### Problem statement
For the entries below, copy exactly the line that contains "DUMEL PIESEK HUSKY" through the line that contains "Xsensible Romagna Stretchwalker", both ends included, and exclude all pictures.

### Material for this task
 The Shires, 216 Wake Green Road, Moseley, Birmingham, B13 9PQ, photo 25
...
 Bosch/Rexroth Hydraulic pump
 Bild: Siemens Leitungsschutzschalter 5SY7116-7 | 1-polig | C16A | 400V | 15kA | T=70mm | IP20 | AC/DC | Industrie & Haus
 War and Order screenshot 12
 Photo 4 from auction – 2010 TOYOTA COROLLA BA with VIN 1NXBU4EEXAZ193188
--
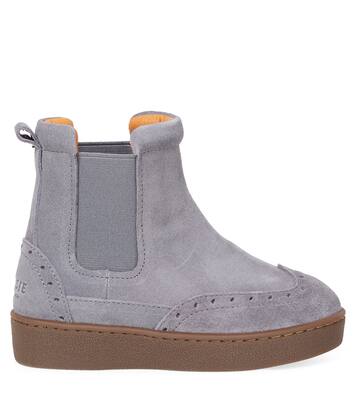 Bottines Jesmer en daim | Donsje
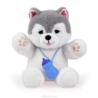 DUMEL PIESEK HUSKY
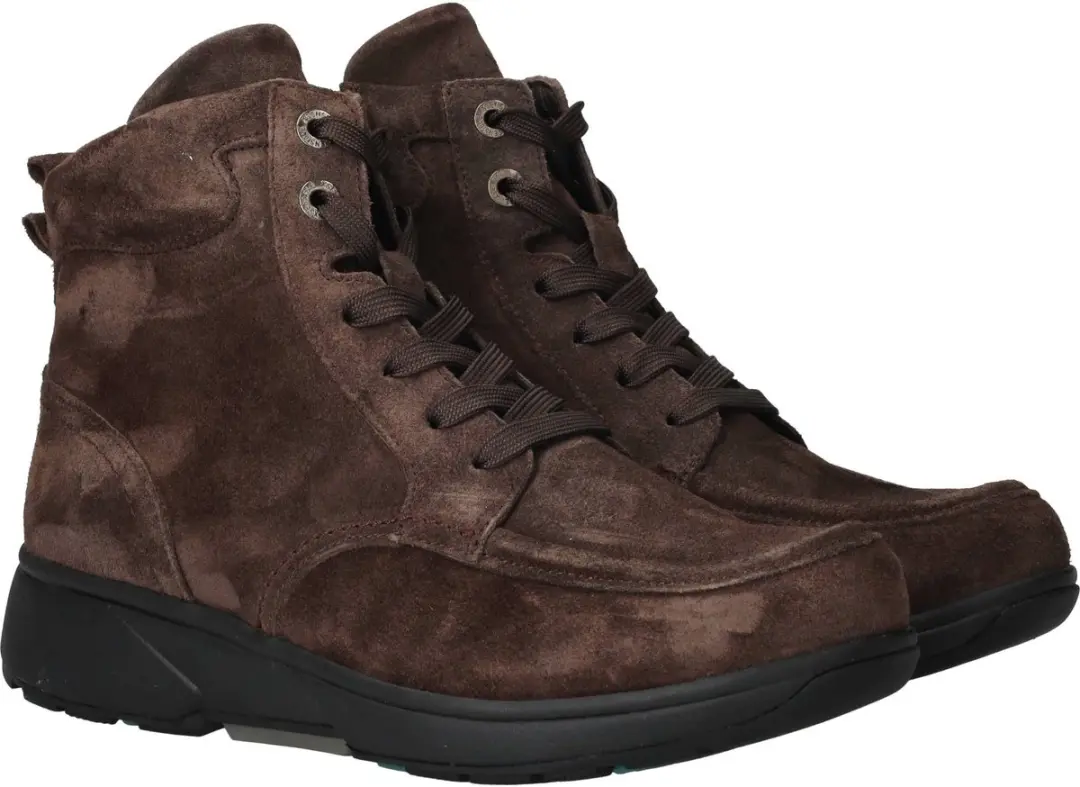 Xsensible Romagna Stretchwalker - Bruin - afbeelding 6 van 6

### Answer section
 DUMEL PIESEK HUSKY
 Xsensible Romagna Stretchwalker - Bruin - afbeelding 6 van 6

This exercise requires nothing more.